04-07-2018 11:38 AM
Hi.
I have DPP 4.8.20.0
Screenshot shows what I wrote in subject.
04-07-2018 04:24 PM
Technically, both displays are correct because your image appears to have been a photo saved as JPEG in the camera.
The right hand info display is showing you the camera settings used to create the image. The left side is trying to indicate that a JPEG has no actual WB setting. The only WB setting that applies to a JPEG is “As Shot”, which in your case is “Cloudy”.
04-08-2018 04:08 AM
What are the other settings except "As Shot"?
Is the left side read correctly WB of the RAW file?
04-08-2018 08:35 AM - edited 04-08-2018 08:39 AM
@Echelonwrote:What are the other settings except "As Shot"?
Is the left side read correctly WB of the RAW file?
I am not sure if I fully understand your questions.
A JPEG does not really have WB data. The WB setting is baked into the image when it was adjusted, which is why I describe it “As Shot.”
Your second question is where the disconnect begins. The left side is not reading a RAW file EXIF data. It is displaying the JPEG EXIF data.

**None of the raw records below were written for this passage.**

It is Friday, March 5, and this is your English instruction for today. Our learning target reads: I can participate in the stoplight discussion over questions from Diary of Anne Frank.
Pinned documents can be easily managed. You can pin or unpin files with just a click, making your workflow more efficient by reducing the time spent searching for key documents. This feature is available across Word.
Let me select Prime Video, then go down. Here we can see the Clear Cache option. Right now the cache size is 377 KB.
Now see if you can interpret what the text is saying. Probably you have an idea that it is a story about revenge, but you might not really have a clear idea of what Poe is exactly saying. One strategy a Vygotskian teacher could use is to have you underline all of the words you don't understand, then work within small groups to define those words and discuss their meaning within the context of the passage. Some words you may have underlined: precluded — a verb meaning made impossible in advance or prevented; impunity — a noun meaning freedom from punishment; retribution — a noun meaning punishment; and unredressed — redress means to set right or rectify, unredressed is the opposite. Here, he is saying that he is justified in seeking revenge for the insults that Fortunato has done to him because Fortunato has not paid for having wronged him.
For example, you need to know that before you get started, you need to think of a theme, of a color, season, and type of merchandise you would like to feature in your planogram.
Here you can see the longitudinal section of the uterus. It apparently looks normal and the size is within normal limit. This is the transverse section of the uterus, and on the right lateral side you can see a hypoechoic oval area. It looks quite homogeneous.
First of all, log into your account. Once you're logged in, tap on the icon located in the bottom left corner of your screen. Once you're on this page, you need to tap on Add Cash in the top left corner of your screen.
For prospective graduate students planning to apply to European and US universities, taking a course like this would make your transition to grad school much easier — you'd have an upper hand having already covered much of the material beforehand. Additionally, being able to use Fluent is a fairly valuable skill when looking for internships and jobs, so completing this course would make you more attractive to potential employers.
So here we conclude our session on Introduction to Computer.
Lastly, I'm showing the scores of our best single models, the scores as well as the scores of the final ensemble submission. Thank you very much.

Look at it this way. A RAW file is the digital equivalent of a film negative. It contains metadata that describes how it was created Canon’s DPP software is effectively a digital darkroom. A JPEG is the digital equivalent of a hard copy print of a photograph.

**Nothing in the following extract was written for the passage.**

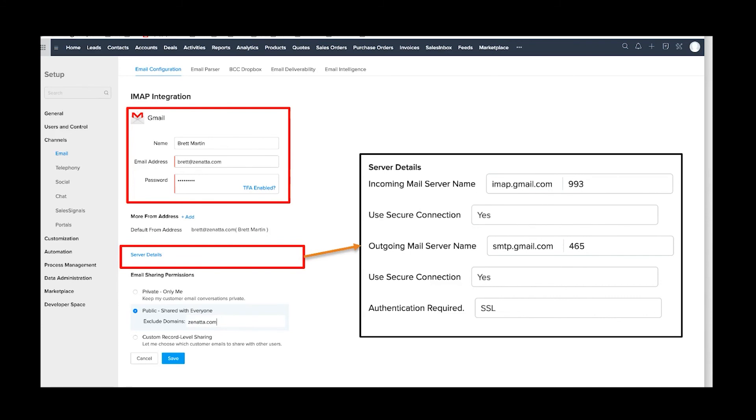Another thing is super important when all your employees set up their email: Public is probably the way you want to go. That means that everybody in the organization can see all of the emails that have been going back and forth with a particular contact.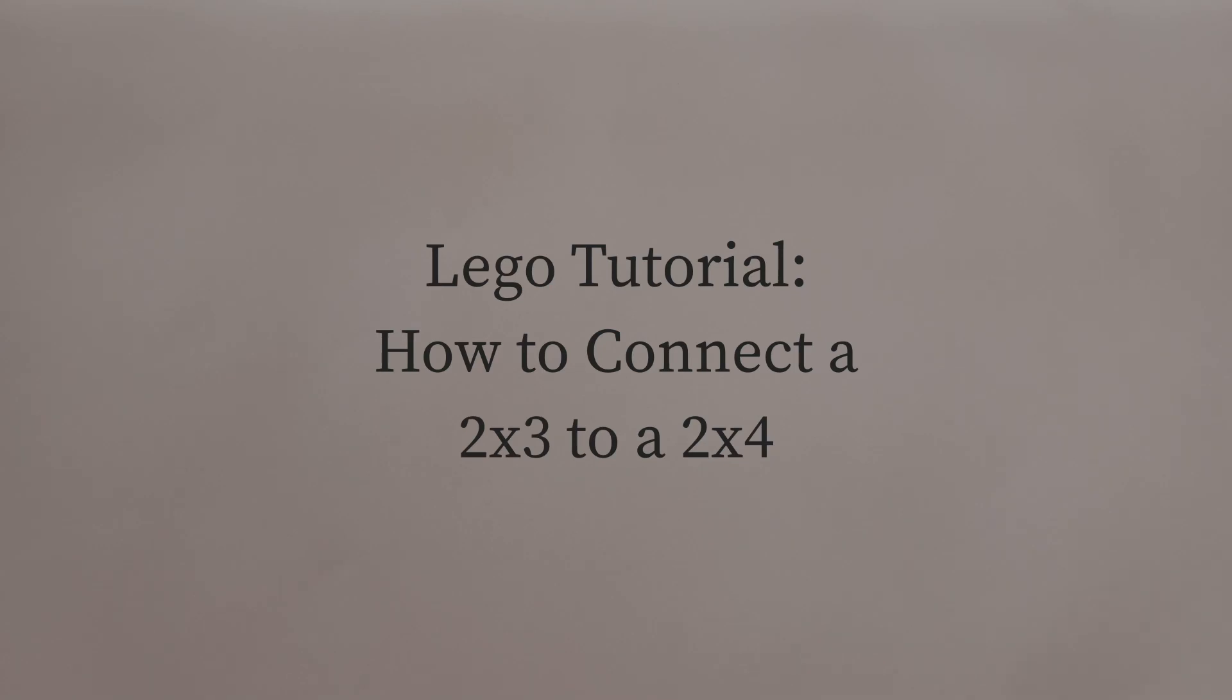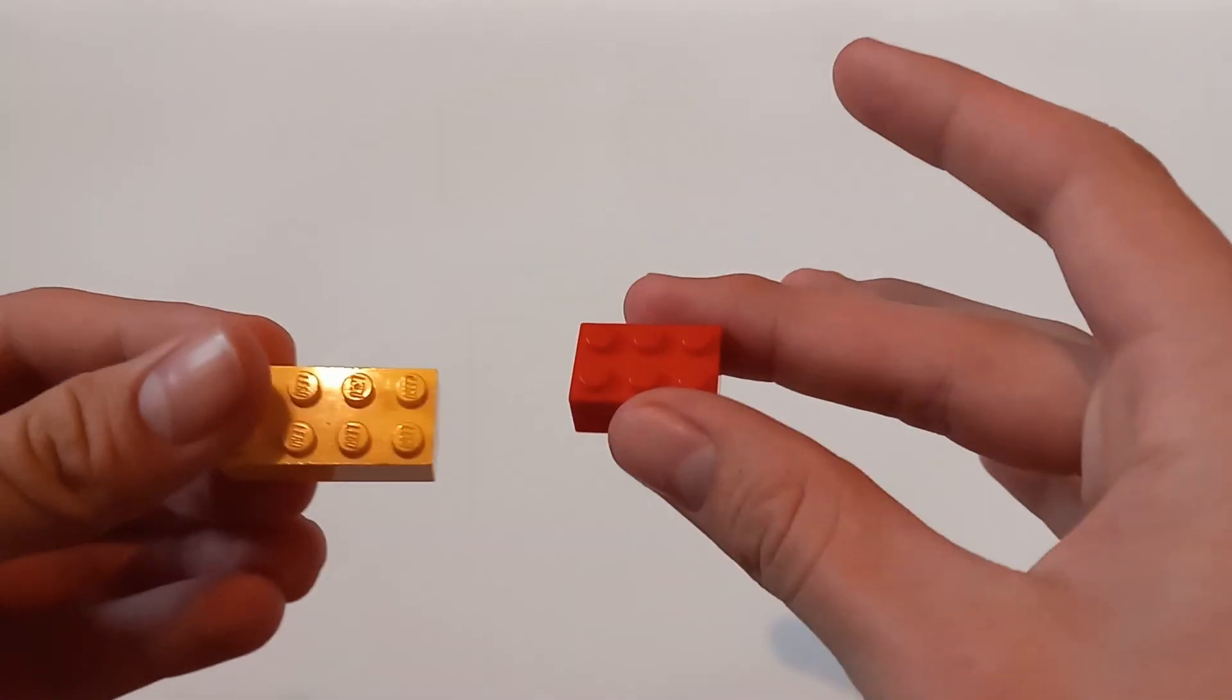Hello everyone, welcome to today's how-to video. Today you are going to learn how to connect one Lego piece 3001 to one Lego piece 3002.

DPP can read the RAW file, and produce an image that would be equivalent to what a virtual JPEG would look like. You can use DPP to make changes to various settings, which alter the appearance of the virtual JPEG. When you are satisfied with your adjustments, you use DPP to produce an actual JPEG file of the virtual JEPG that it has been displaying.
A JEPG contains metadata that describes how it should be displayed, whether it is on a digital display, or printed on paper. There is little difference between displaying on screen or on paper. The computer code to produce one or the other is identical. The only difference is that the programmer sends the instruction code to a display device, or a print device. But, that is going off on a tangent.
Your issue is that you are beginning with a JPEG, not a RAW file. You are not able to make the extensive adjustments that you can with a RAW file. Many JPEG files contain metadata that echoes what would have been in the RAW file that was used to create the JPEG, which is what you see on the right.
However, JPEG files contains metadata that describes how it should be displayed, be it on a computer monitor or on paper. In this sense, I am talking about all JPEG files, not just the ones created by photo software. Windows MS Paint can create a JPEG file, which will only contain metadata that describes how it should be displayed.